『陥穽(かんせい)3』「少し気持ちを落ち着けてください」
私は穏やかな口調で言うと、みぃの肩に優しく指を食いこませた。
「知っていますよ。こうやって可愛がられることを、今まで何度も妄想してきたのでしょう?」
鏡に写った彼女の顔が、みるみる真っ赤に染まっていくのが、私にはわかった。

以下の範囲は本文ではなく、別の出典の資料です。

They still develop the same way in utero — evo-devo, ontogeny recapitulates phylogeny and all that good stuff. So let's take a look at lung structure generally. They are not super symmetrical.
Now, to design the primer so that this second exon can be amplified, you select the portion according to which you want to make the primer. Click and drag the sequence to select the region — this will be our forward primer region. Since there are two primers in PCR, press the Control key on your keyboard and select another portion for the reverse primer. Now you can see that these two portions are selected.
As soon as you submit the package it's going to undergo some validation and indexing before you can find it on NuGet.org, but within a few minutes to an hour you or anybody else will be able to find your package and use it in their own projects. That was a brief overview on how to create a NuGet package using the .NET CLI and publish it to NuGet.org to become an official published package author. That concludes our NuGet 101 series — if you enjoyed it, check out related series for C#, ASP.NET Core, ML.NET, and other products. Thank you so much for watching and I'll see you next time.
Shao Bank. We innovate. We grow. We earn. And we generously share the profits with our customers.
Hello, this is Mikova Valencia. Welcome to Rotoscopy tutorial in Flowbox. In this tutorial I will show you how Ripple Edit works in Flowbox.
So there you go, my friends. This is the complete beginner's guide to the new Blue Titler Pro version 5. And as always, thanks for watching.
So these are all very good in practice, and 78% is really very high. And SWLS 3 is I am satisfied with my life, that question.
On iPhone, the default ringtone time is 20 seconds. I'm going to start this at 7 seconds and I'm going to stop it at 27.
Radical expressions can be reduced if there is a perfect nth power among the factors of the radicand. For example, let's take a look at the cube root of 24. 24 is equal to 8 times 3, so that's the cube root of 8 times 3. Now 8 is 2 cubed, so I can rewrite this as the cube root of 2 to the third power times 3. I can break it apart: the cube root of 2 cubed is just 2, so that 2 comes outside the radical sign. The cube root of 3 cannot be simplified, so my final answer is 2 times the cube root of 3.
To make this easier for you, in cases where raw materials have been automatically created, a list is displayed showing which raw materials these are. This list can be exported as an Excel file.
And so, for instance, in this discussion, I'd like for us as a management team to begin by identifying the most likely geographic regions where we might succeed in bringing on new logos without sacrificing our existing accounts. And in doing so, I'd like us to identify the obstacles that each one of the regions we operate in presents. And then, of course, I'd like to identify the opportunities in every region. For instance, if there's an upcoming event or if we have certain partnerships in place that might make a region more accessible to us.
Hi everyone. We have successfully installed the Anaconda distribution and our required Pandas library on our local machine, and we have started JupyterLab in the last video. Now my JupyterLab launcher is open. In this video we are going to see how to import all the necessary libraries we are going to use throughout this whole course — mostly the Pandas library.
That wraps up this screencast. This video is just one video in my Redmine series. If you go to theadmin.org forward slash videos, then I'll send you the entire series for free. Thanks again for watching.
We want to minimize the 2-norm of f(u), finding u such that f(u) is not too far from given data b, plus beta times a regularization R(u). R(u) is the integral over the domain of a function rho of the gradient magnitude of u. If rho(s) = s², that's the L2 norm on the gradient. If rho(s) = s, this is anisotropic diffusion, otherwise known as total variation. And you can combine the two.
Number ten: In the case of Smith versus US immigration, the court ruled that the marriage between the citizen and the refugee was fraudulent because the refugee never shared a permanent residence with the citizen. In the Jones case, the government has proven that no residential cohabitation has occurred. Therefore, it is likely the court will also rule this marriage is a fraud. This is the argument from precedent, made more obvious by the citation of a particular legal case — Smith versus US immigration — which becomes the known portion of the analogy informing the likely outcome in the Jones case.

私の嘲弄をこめた言葉で、彼女の身体は魂が脱け出したかのように力を失った。
抵抗が無駄だと認めたのだろうか。
いや、そうではないだろう。
身体の自由を奪われた状態で、これから自らの身に降りかかるであろう淫戯を、一瞬にして想像したのではないか。
そして、胸ときめかせ、甘美な予感に肉体をしびれさせたのではなかったか。
私はその瞬間を逃がさなかった。
素早く美智子のアゴに指をかけ、首を後ろに振り向かせてから強引に唇を吸った。
私の口からの可憐な唇の隙間へ、欲望で熱くなった吐息が流れこむ。
「こうされたくて、逢いに来たのでしょう?」
私はすぐに唇を離し、美智子の瞳を覗きこみながら問いただした。
「ああっ・・・で、でも・・・」
彼女は、それ以上言葉を続けられなかった。
なぜなら、打ち震える唇を、私が再び塞いだからだ。
「ん・・・」
鏡の中で、ふくよかな胸肉が激しい鼓動に揺すぶられ、ぷるんぷるんと上下する。
小刻みに首を振る美智子にかまわず、私は何度も人妻の唇を奪った。たちまち桃色の唇が、私の唾液に濡れ光っていく。
すると、どうだろう。
さっきまで拒絶の仕草を見せていたはずなのに、美智子の唇が薄っすらと開きはじめるではないか。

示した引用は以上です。